Vincent Bontems - De quoi l'innovation fut-elle le nom ?
Philosophe des techniques pour le compte du CEA, Vincent Bontems s’interroge à l’USI 2016 sur la définition et les origines du terme « innovation ». Utilisé aujourd’hui à tort et à travers, ce mot véhicule des fantasmes de découvertes révolutionnaires et d’avancées scientifiques, mais sa signification intrinsèque nous échappe encore tant elle a évolué parfois de manière paradoxale au fil des ans.
Selon Vincent Bontems, ce thème s’impose dans la recherche scientifique car il est devenu, comme théorisait Jean-Paul Sartre, notre « horizon indépassable ». L’innovation nous apparaît comme la meilleure chance que nous ayons de résoudre les problèmes en termes d’emploi, de compétitivité, de défis environnementaux, comme le changement climatique ou la pénurie de ressources énergétiques, ou sanitaires comme le vieillissement de notre société.
Faut-il innover ?
L’innovation est notre panacée. Mais qu’est-ce donc ? Sans définition précise nous avançons à l’aveugle et risquons de nous méprendre sur le bien-fondé de cette sacrosainte innovation. Une étude de la NSF datant de 1974 stipulait ainsi que « l’usage du terme « innovation » est contreproductif ». Contreproductif car galvaudé et abusif.
Pour mesurer l’innovation, l’un des indicateurs les plus mis en avant est le taux d’homologation de brevets. Avec un résultat de 80 %, le CEA était ainsi récemment désigné par Reuters comme la firme la plus innovante du monde, devançant le MIT ou les firmes asiatiques. Un classement biaisé pour Vincent Bontems, la création de brevets relevant plus d’une volonté d’assurer un monopole et une maîtrise de la monétarisation des créations que de l’innovation pure. Il cite l’exemple d’Apple, qui n’investit que 2 % dans la recherche tout en demeurant l’une des entreprises les plus puissantes et innovantes au monde. Si les doutes sont permis quant à la pertinence d’une innovation intensive, nul doute que le besoin d’entreprendre, de créer et de développer de nouvelles idées ne date pas d’hier.
Innovation story
Innovation dérive du latin innovatio qui au XIIIe-XIVe siècle signifiait « renouveler à l’identique ». Un paradoxe qui se corrige par la suite pour déboucher sur une définition plus ressemblante au sens contemporain : « introduire quelque chose de nouveau dans quelque chose d’ancien ».
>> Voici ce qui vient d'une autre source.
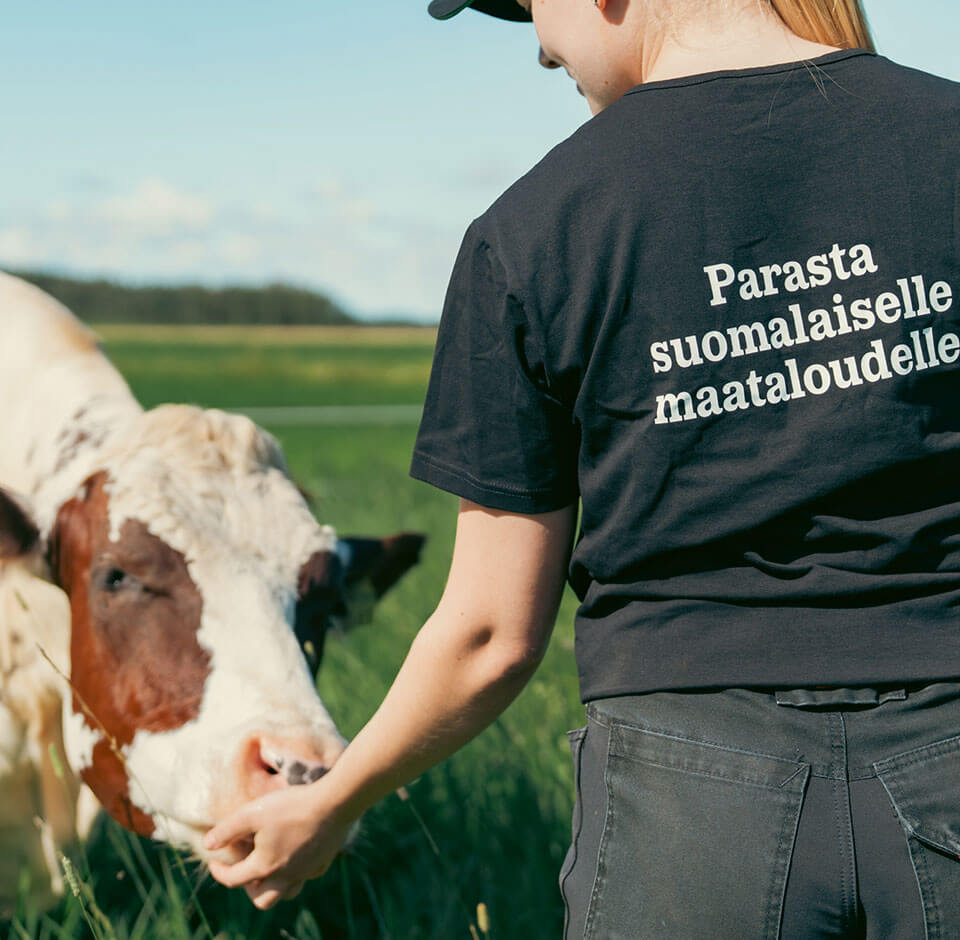 Nainen syöttää lehmää laidunniityllä. Naisella päällään musta lippalakki ja farkut sekä musta t-paita missä lukee selässä 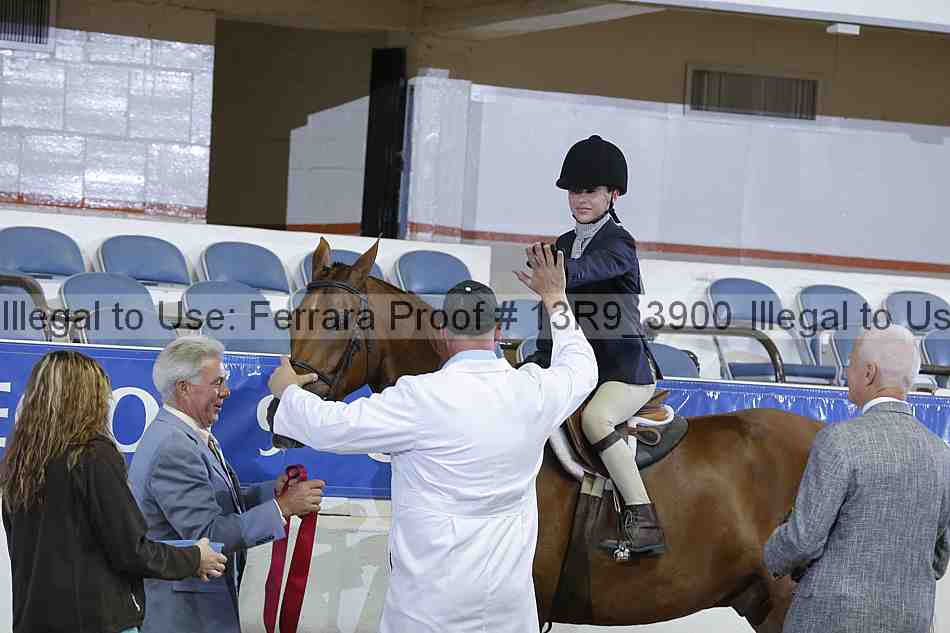 Proof 13r9_3900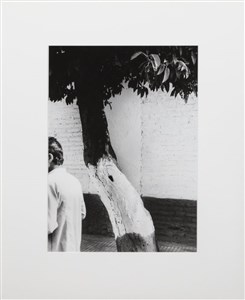 Image description is not available for 2010.153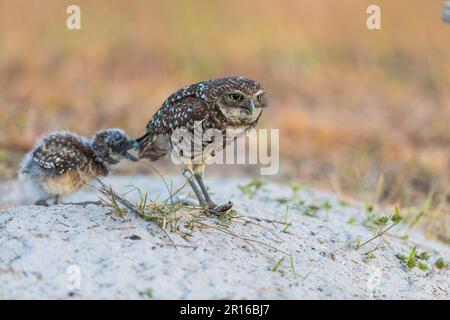 Eulen (Athene cunicularia) mit Schlange, Florida Stockfoto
D’abord employé dans le vocabulaire juridique notamment lors de l’ajout d’une nouvelle clause dans un contrat, le mot débarque ensuite dans les discussions théologiques comme une source suspecte de changement. Les gens apprennent à se méfier de l’innovation. Les choses évoluent au XVIe siècle avec Machiavel qui, dans Le Prince, démontre comment « prendre le pouvoir et le conserver ». Il envisage deux options : agir avec prudence en respectant les traditions, ou agir avec violence en prenant un risque plus ou moins modéré. C’est cette dernière vision, cette création de rupture qui représente pour lui l’innovation.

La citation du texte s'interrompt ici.